While the invention has been described with reference to specific embodiments, the invention is not limited thereto, and various equivalent modifications and substitutions can be easily made by those skilled in the art within the technical scope of the invention. Therefore, the protection scope of the present invention shall be subject to the protection scope of the claims.

Claims

1. A method for evaluating the influence of the SFC starting working condition of a pumped storage power station on a plant power system is characterized by comprising the following steps:

2. The method for evaluating the influence of the SFC starting working condition of the pumped storage power station on the plant power system according to claim 1, wherein the step 1 adopts PSCAD or RTDS simulation software to build a simulation circuit diagram of the whole power station and perform dynamic simulation test.

3. The method for evaluating the influence of the SFC starting condition of the pumped storage power station on the service power system as claimed in claim 1, wherein in the step 2, different harmonic pollution degrees need to correspond to the service power system problem.
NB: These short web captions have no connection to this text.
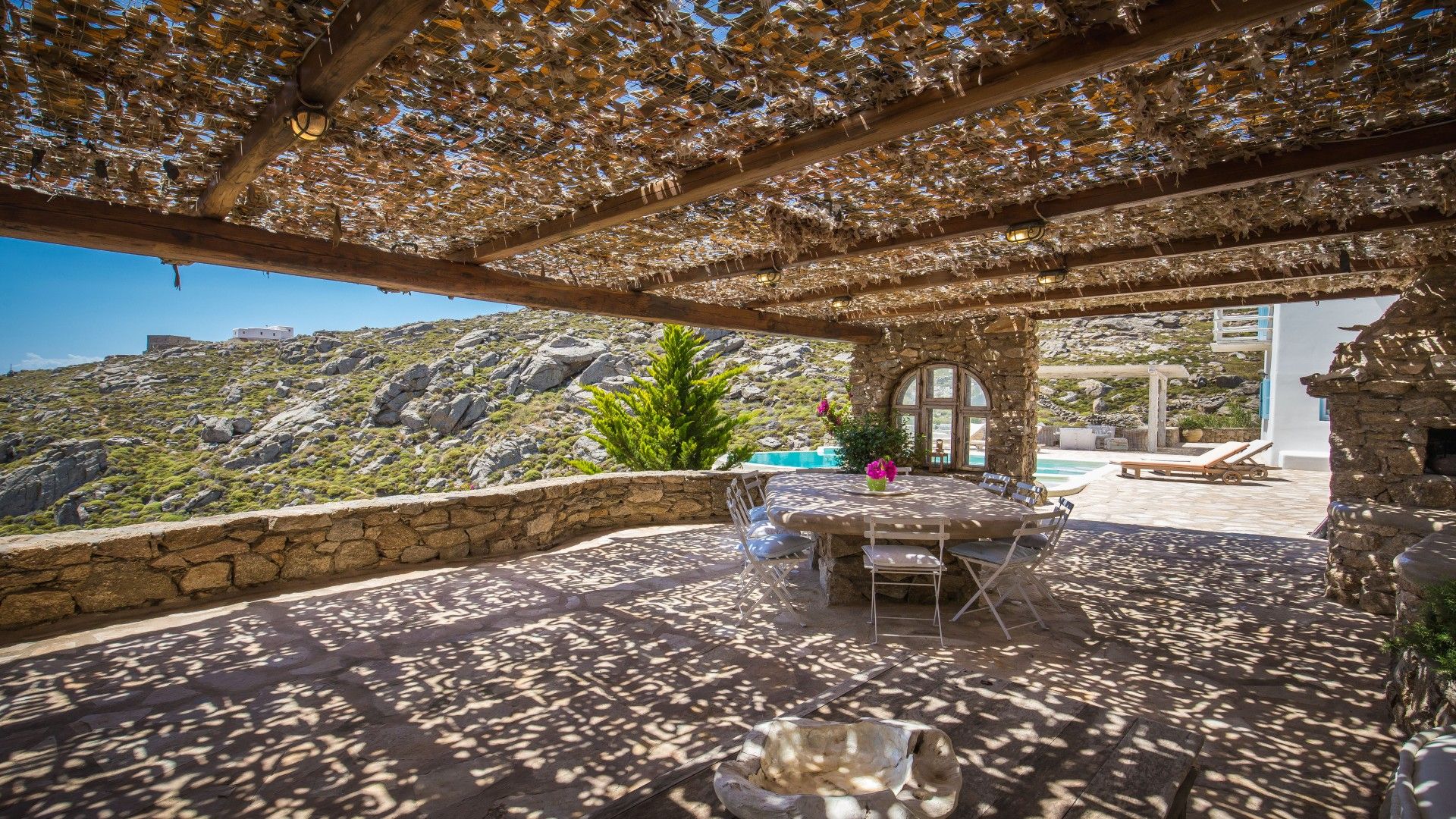 Mykonos Feelings - INFINI - 6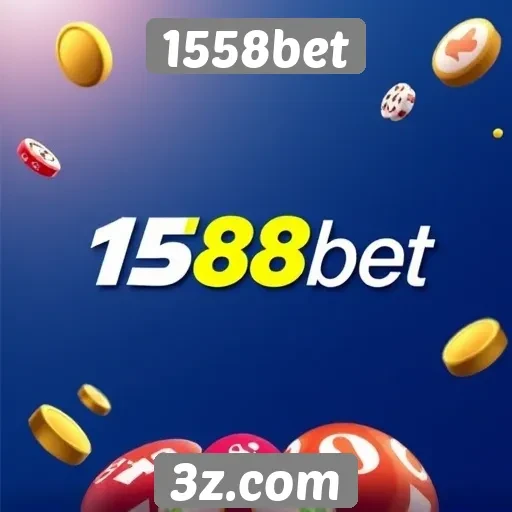 1558bet amplia opções de jogos para usuários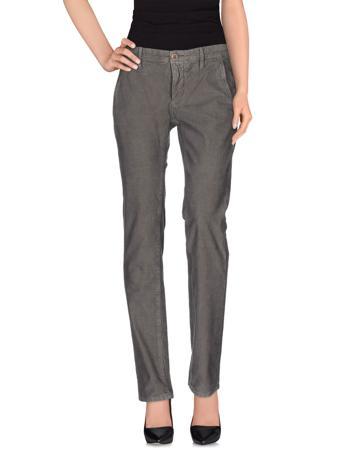 Брюки SIVIGLIA WHITE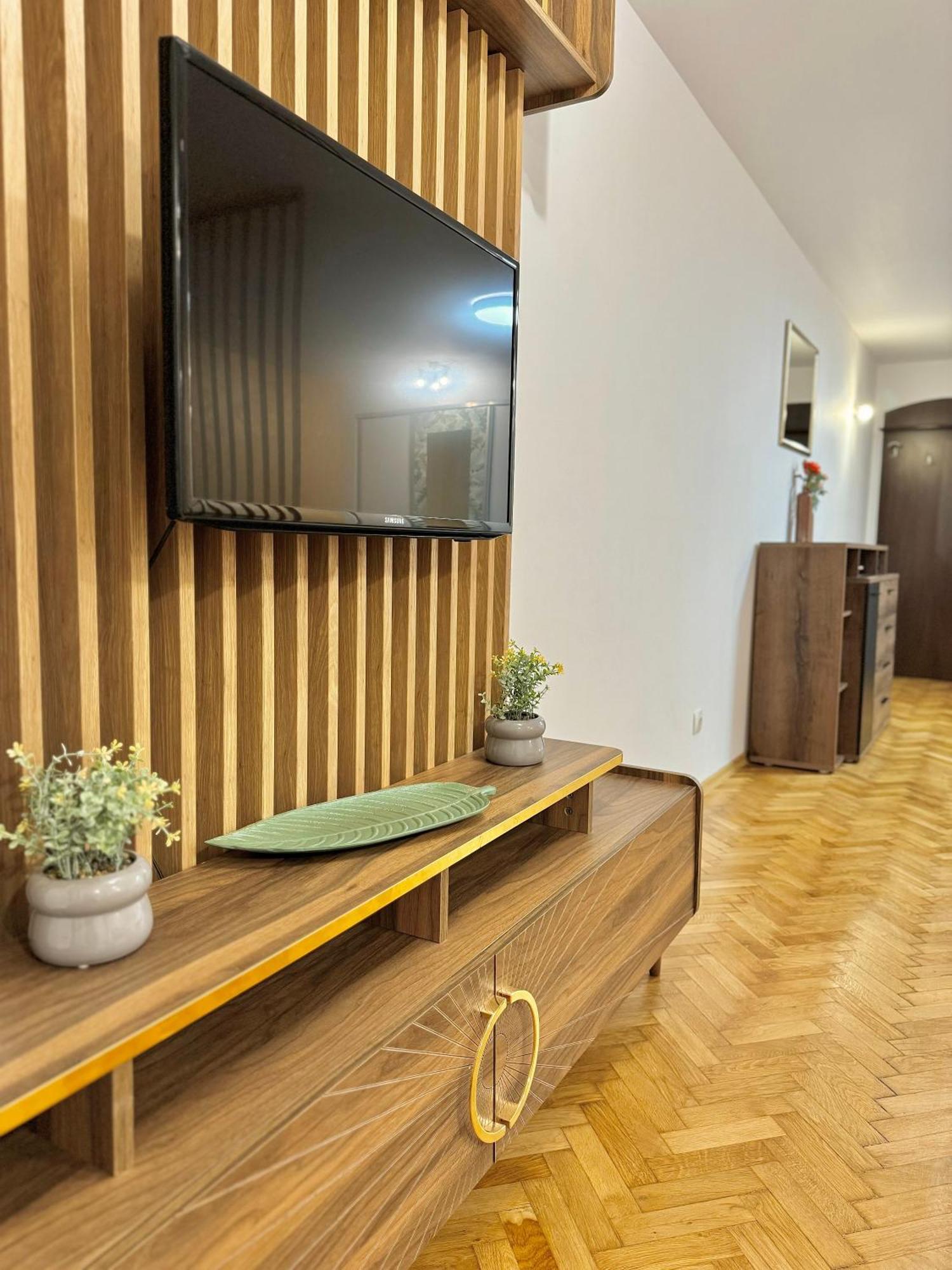 Blancris Studio Brasov Exterior photo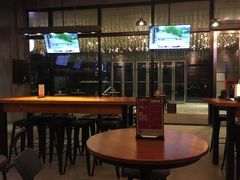 大堂-Devils’ Brewery小恶魔精酿啤酒(泛海美式熏肉店)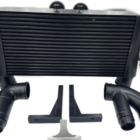 DSR Next Gen Ranger Raptor Stage 2 Intercooler winch friendly 4 Ford Next Gen Ranger Raptor Stage 2 Power Package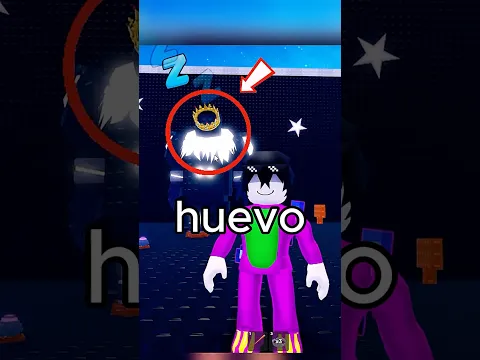 Nunca hagas esto en Robar un huevo (SECRETO EN EL JUEGO) 3:33 AM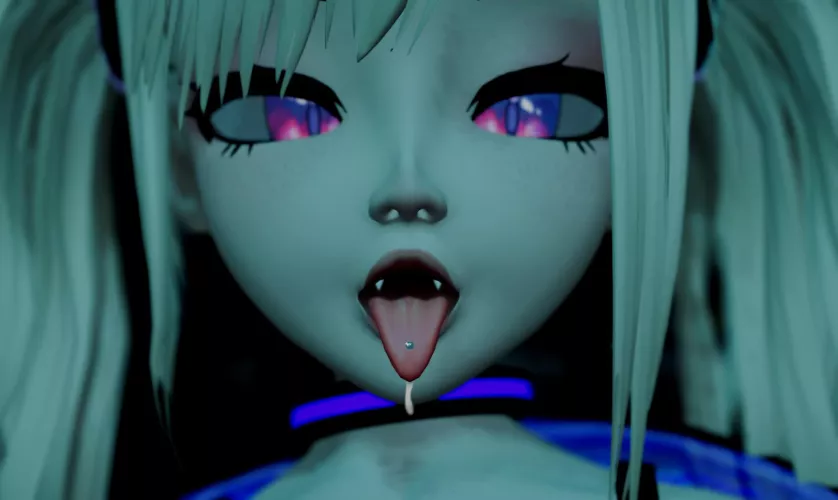 This is probably my last stream today, next time I will wait for you at my birthday party on September 30th. So I’m looking forward to having some fun today!🖤 https://chaturbate.com/emyliveshow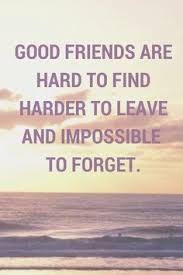 My daughters have done this for friends that have moved. 3 Going Away Gifts For Friends Farewell Quotes For Friends Friends Quotes Friends Moving Away Quotes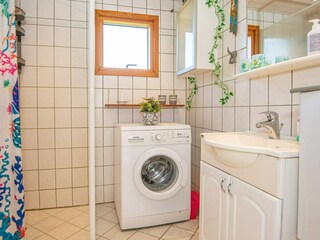 Casa per le vacanze Bork Havn  39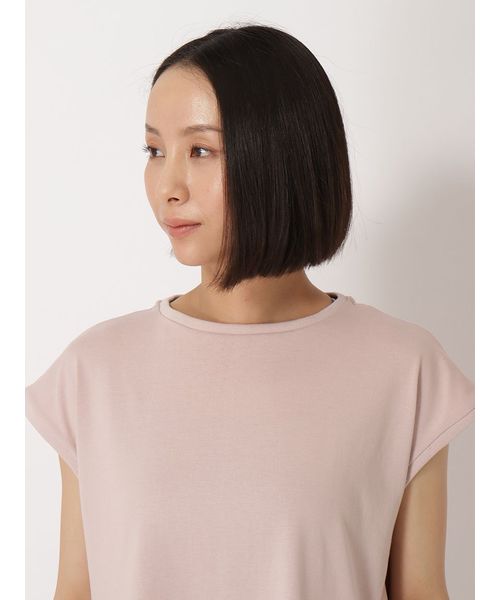 ダンスキン DANSKIN LONG LENGTH C/S TOP(ロングレングスC/S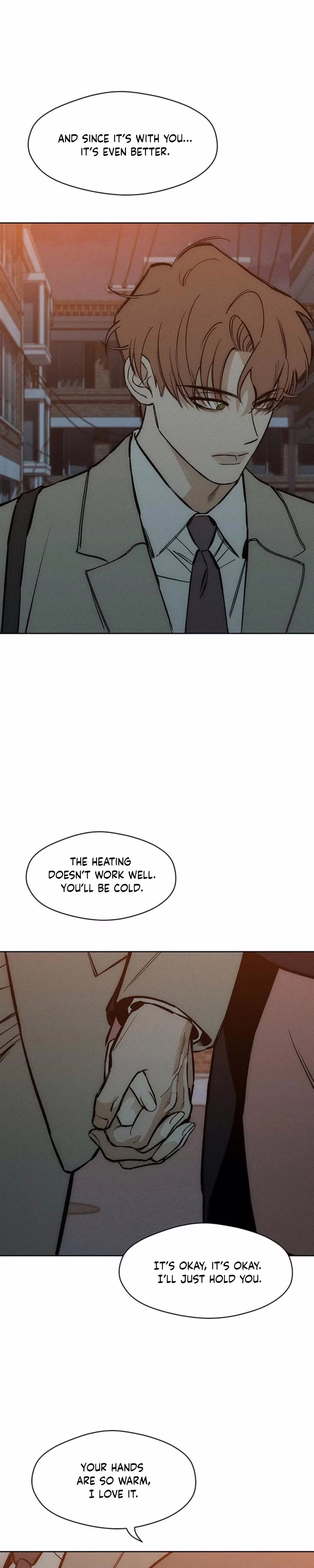 Tears on a Withered Flower - Chapter 16 - Part 41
4. The method for evaluating the influence of the starting working condition of the pumped storage power station SFC on the service power system as claimed in claim 1, wherein in the step 3, according to the topological structure of the service power system and the difference between the SFC dragging object and the power supply path, a plurality of SFC dragging modes are formulated, and the different modes are combined with the harmonic propagation path to study and judge the result and form a wave recording object.

5. The method for evaluating the influence of the startup condition of the pumped storage power station SFC on the plant power system as claimed in claim 1, wherein in the step 4, the startup process of the SFC belongs to a load with a short-time rapid change, and the set wave recording time must include the whole startup process of the SFC or a dragging time period which is easy to cause harmonic pollution, so as to analyze the harmonic change of the startup process and whether 400V lighting and pumping equipment in the plant have important influence or not.

6. The method for evaluating the influence of the SFC starting working condition of the pumped storage power station on the plant power system according to claim 5, wherein the SFC starting process is 3-4 minutes in duration.

7. The method for evaluating the influence of the starting working condition of the pumped storage power station SFC on the plant power system according to claim 1, wherein in the step 5, X measurement areas are taken from the beginning of the rising of the SFC input variable current to the steady state, and each measurement area intercepts Y raw waveform data and carries out Fourier analysis.

8. The method for evaluating the influence of the SFC starting condition of the pumped-storage power station on the plant power system as claimed in claim 7, wherein N is 30 and Y is 200 ms.

9. The method for evaluating the influence of the SFC starting condition of the pumped storage power station on the plant power system according to the claim 1, wherein in the step 6, the influence degree of the overproof time period and the electric energy disturbance of the bus on the load under the bus is mainly analyzed.

10. The method for evaluating the influence of the SFC starting condition of the pumped storage power station on the plant power system according to claim 1, wherein in the step 7, the field logging data is completely stored.